After 1980, this situation changed radically. President-elect Reagan took office in 1981 with a national debt 32.6 percent of GDP. The huge deficits that followed the Reagan tax cuts drove up the national debt to 53.1 percent of GDP when President-elect George H. W. Bush took over in 1989, and to 66.2 percent of GDP when President-elect Clinton took office 1993. The debt build-up of the George W. Bush administration has more than offset the debt reductions achieved by the Clinton administration.

As stated earlier, the debt run-up by these presidents—Reagan, George H. W. Bush, and George W. Bush—means that we are paying almost $300 billion extra this year in interest to those who “own” the national debt (those who purchase and hold U.S. Treasury securities). If we did not have these extra interest costs, we could instead use tax revenues to finance a substantial national health insurance program.

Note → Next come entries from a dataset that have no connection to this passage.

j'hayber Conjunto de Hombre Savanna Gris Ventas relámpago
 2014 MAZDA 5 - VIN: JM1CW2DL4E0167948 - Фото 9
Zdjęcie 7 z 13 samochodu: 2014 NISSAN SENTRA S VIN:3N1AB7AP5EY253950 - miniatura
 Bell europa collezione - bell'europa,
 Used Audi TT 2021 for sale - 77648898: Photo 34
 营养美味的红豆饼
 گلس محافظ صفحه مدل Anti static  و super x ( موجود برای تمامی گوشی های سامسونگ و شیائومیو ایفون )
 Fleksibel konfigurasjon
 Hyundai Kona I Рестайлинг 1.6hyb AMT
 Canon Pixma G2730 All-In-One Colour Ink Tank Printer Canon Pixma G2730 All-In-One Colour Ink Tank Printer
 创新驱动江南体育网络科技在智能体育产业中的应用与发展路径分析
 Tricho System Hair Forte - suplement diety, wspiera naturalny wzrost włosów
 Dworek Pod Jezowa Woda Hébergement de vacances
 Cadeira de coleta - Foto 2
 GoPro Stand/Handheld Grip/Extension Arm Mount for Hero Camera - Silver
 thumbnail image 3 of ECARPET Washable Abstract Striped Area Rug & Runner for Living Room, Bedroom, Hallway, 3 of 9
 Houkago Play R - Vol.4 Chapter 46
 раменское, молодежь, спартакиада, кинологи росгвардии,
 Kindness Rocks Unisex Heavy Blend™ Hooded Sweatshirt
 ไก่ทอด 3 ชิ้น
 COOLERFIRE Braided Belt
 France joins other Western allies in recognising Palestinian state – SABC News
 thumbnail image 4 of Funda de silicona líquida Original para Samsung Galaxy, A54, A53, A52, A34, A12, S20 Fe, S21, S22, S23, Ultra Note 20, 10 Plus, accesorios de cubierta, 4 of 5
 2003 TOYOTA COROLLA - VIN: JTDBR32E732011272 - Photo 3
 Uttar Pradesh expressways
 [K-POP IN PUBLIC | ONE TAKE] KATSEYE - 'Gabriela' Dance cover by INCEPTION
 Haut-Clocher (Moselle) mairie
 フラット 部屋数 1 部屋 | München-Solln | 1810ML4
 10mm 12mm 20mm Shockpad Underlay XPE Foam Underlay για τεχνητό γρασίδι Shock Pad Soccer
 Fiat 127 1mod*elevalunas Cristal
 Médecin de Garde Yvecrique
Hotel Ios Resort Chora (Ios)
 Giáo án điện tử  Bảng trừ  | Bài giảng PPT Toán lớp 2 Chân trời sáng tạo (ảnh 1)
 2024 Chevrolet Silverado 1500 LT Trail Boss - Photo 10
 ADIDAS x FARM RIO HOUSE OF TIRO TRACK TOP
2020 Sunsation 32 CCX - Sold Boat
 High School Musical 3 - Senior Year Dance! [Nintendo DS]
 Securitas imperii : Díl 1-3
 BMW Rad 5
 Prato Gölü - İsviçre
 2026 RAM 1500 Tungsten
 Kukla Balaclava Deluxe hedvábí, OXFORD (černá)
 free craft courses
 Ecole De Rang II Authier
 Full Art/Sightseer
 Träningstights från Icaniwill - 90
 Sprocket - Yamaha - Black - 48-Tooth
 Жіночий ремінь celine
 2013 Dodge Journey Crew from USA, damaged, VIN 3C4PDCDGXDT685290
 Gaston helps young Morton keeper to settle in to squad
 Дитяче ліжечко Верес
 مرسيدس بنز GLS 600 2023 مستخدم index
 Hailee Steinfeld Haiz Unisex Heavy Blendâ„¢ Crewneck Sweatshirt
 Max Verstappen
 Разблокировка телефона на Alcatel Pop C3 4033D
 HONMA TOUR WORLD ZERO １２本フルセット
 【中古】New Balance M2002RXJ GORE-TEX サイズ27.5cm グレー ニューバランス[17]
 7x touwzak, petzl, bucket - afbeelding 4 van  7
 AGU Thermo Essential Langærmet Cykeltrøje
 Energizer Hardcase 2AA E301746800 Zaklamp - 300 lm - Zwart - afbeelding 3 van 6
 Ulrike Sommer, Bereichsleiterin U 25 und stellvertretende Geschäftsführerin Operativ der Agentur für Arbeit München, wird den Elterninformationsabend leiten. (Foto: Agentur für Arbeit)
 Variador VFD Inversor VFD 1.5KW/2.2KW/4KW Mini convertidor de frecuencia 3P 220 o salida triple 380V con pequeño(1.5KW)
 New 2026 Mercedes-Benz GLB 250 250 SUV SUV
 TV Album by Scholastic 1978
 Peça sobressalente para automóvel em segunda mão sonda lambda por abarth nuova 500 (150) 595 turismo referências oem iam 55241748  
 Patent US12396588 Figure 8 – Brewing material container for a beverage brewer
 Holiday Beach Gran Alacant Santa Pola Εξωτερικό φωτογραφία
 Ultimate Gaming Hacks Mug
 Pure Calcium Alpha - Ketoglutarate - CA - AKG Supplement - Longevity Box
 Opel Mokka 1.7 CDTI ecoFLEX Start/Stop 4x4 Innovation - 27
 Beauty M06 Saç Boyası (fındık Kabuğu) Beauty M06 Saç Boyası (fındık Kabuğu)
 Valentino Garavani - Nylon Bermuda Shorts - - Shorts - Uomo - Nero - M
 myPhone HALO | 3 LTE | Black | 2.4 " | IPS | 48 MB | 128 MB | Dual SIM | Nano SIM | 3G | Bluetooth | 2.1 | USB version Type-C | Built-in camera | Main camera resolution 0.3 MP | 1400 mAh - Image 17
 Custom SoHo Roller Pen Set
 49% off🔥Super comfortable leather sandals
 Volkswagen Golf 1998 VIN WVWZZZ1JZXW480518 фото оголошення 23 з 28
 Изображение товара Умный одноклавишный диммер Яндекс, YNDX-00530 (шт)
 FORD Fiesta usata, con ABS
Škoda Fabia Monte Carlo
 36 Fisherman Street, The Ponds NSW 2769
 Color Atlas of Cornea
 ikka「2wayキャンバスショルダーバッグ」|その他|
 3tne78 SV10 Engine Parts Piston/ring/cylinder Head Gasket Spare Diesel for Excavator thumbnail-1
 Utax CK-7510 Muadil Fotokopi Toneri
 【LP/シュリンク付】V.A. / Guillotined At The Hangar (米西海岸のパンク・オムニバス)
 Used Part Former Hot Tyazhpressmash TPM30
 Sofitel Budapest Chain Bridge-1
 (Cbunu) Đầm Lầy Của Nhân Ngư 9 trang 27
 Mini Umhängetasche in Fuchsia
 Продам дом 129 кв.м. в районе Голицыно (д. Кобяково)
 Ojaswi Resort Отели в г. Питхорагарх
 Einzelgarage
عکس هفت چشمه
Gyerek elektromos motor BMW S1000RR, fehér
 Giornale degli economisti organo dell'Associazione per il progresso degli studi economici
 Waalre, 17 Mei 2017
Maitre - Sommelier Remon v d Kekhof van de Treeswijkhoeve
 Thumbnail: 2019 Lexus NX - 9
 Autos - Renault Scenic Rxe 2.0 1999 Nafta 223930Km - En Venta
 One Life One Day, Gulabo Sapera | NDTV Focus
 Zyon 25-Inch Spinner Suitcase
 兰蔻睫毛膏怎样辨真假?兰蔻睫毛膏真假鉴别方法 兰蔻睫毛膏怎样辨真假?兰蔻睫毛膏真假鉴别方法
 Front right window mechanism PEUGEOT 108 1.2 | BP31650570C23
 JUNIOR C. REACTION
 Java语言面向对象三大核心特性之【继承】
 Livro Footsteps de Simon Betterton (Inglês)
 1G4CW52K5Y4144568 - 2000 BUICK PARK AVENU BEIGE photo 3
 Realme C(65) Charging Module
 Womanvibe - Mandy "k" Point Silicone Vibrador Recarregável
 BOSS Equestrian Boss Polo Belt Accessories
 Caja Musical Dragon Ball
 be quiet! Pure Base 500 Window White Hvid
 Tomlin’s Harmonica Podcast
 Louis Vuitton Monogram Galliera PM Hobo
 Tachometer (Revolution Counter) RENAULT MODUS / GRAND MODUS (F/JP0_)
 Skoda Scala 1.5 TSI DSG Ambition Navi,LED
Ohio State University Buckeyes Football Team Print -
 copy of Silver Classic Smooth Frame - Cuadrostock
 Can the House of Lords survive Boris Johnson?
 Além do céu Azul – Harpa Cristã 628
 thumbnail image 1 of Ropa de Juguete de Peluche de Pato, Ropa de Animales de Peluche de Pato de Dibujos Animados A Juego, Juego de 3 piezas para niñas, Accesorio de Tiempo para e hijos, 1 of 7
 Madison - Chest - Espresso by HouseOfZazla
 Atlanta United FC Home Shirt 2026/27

Like the child of parents who mortgaged the farm, the next president will have to climb out from under a heavy load of extra debt that the Reagan and Bush administrations have burdened us with.

Three notes are in order. First, a neutral fiscal legacy by my definition is one that leaves the national debt/GDP ratio unchanged. If the fiscal legacy is neutral, it means that during an administration, the national debt grew as fast as GDP, but no faster. The lower the initial debt to GDP ratio, the lower the deficit must be to be neutral. Second, the interest costs of the entire national debt are included in our calculation of fiscal legacy, not just the debt owned by the private sector. The debt owed to various public pension and insurance funds is considered as much a fiscal burden as the debt owed to foreign central banks and other private holders of Treasury bonds. (Only the bonds held by the Federal Reserve System might legitimately be treated differently.) Third, we ignore any effect of the size of the national debt on the interest rate. Such an effect can be expected to drive up the legacy costs of running up the national debt. We also ignore any effect fiscal policy may have on long-run economic growth; there is no good evidence of such an effect.